Senhoras explica que, neste atual contexto, há três formas de imigração de venezuelanos. Os de renda mais baixa buscam as fronteiras vizinhas, no caso Colômbia e Brasil, na chamada imigração Sul-Sul. Os de renda um pouco maior, ainda que baixa, buscam a Argentina e o Peru, enquanto que os de renda mais alta vão para os Estados Unidos e Europa, do tipo Sul-Norte. A Colômbia é mais procurada entre os mais pobres por fatores como densidade populacional e afinidade cultural.
— A fronteira colombiana tem muito maior densidade populacional, e, portanto, econômica, diferentemente da fronteira brasileira, que tem menor densidade. Também há o sentido da reciprocidade, em relação aos anos 80. A Venezuela sempre teve muitos colombianos em sua população e a reciproca é verdadeira. Existe um sentido de parceria baseado no estreitamento cultural entre os paises, o que não é tão grande em relação ao Brasil.
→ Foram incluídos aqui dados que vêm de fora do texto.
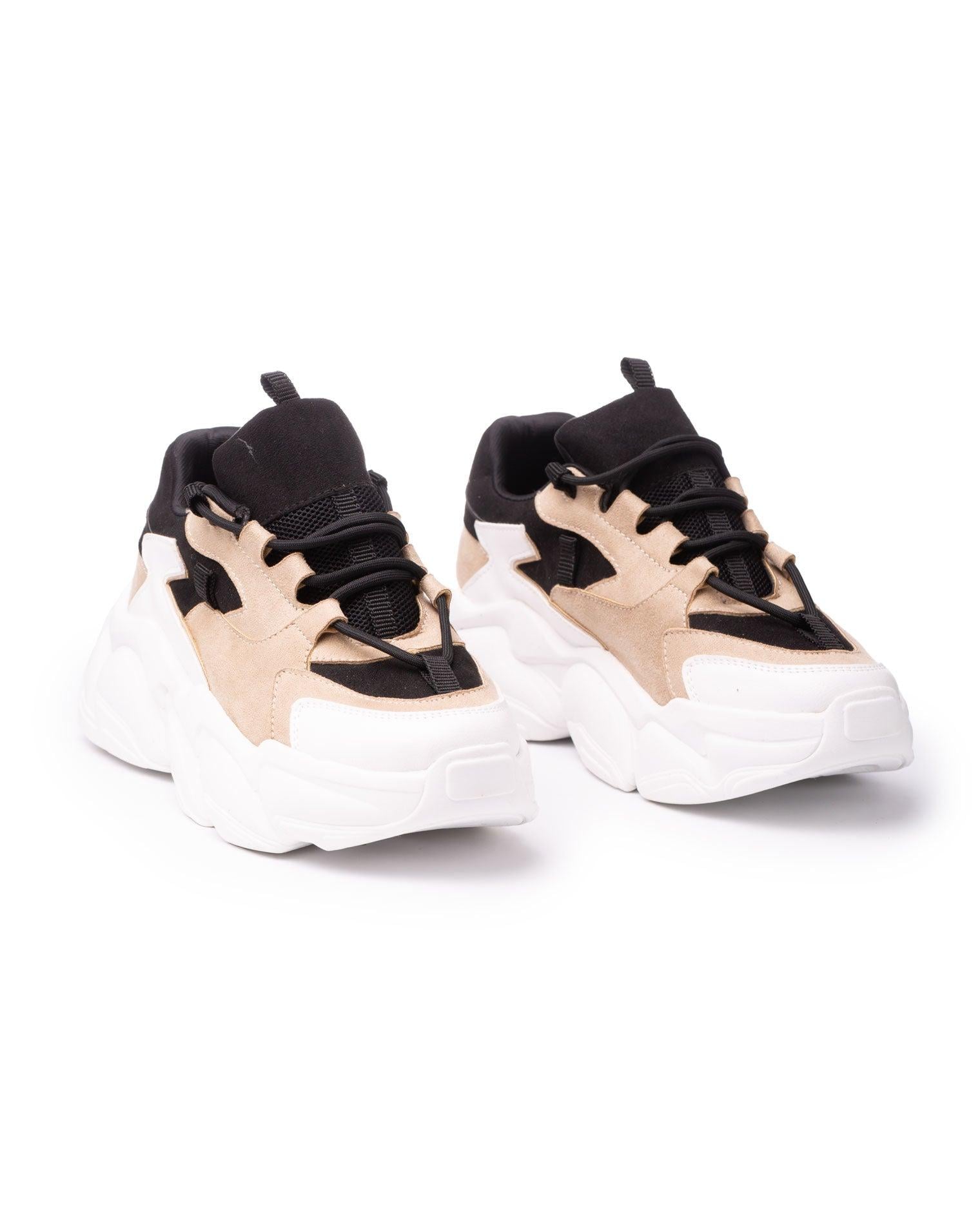 ZAPATILLAS URBANAS MUJER AVILES BEIGE - 4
Preso homem suspeito de queimar venezuelanos em Roraima
O aumento do contingente de militares nas fronteiras, que exigem a apresentação de passaporte, segundo Senhoras, não significa necessariamente restrição à entrada de imigrantes na Colômbia.
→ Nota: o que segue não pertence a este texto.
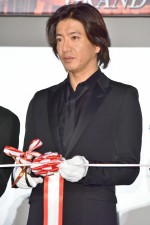 映画『マスカレード・ホテル』初日舞台挨拶に登壇した木村拓哉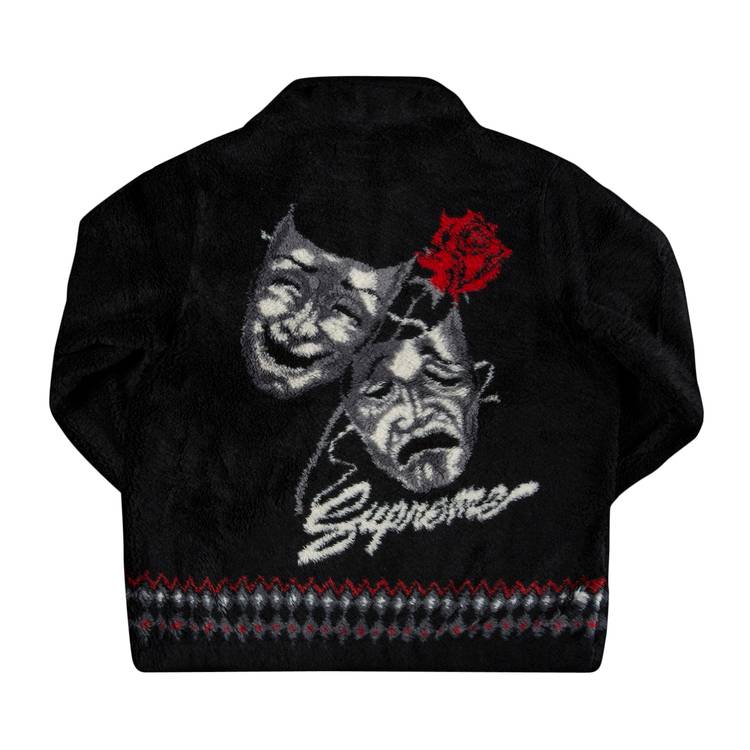 Buy Supreme Drama Mask Fleece Jacket 'Black' - SS20J35 BLACK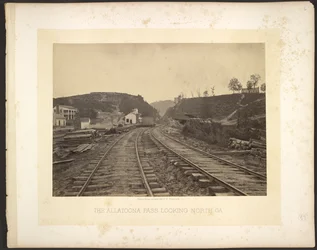 De Allatoona Pass in noordelijke richting, Georgia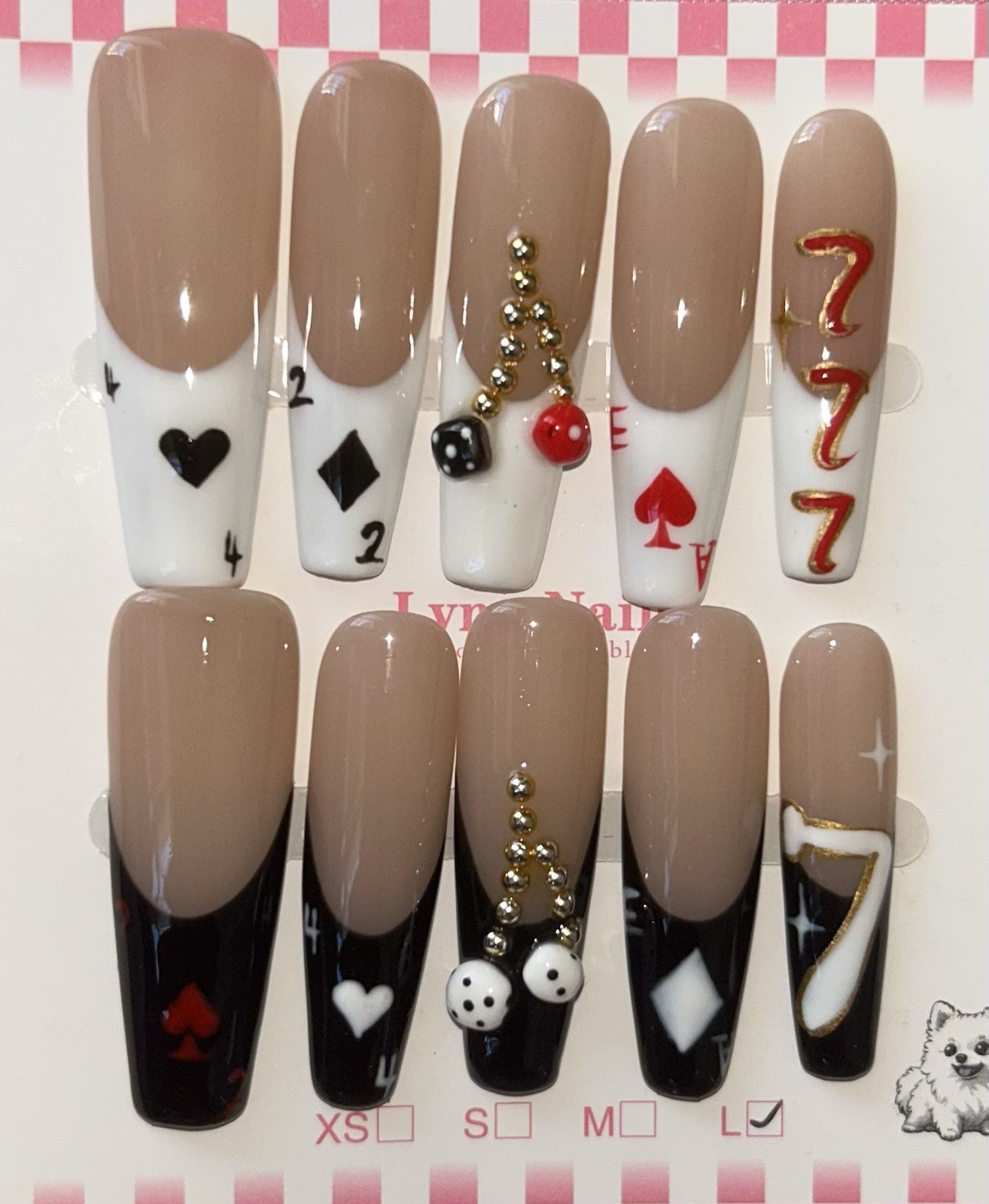 Acrylic Bling Extra Long Coffin Press-On Nails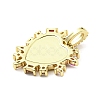 Rack Plating Brass Micro Pave Cubic Zirconia Pendants KK-F861-03G-2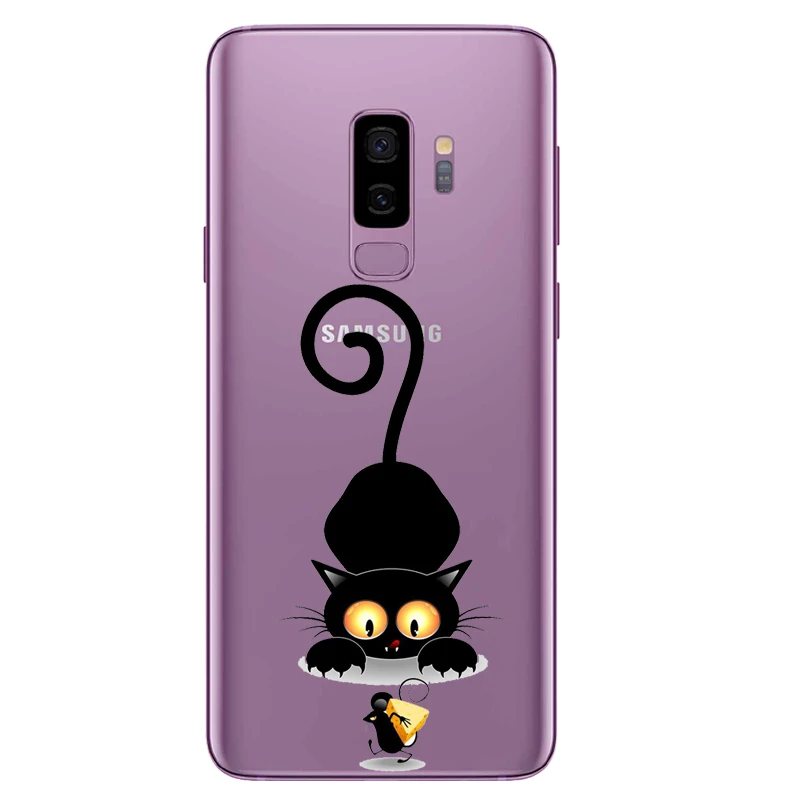 Милый силиконовый чехол ТПУ для Samsung S6 S7 S8 S6Edge S8Plus NOTE9 2 3 4 5 8 | Мобильные телефоны и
— Pelo contrário, além de um maior controle, pode servir também como uma referência para um melhor acolhimento dessas pessoas.
São naturais, segundo ele, aumentos de casos de violência, mas estes ocorrem de maneira pontual, não podendo ser colocados como um fator de instabilidade que levará a uma alta geral da criminalidade. A questão humanitária tem um valor muito mais relevante nesta balança.
— Claro que um número crescente de refugiados leva a um aumento do número de crimes, mas, no entanto, isto não quer dizer que façam parte de um boom de violência. As questões de insegurança no Brasil e na Colômbia já estão prestabelecidas, independentemente deste fluxo migratório.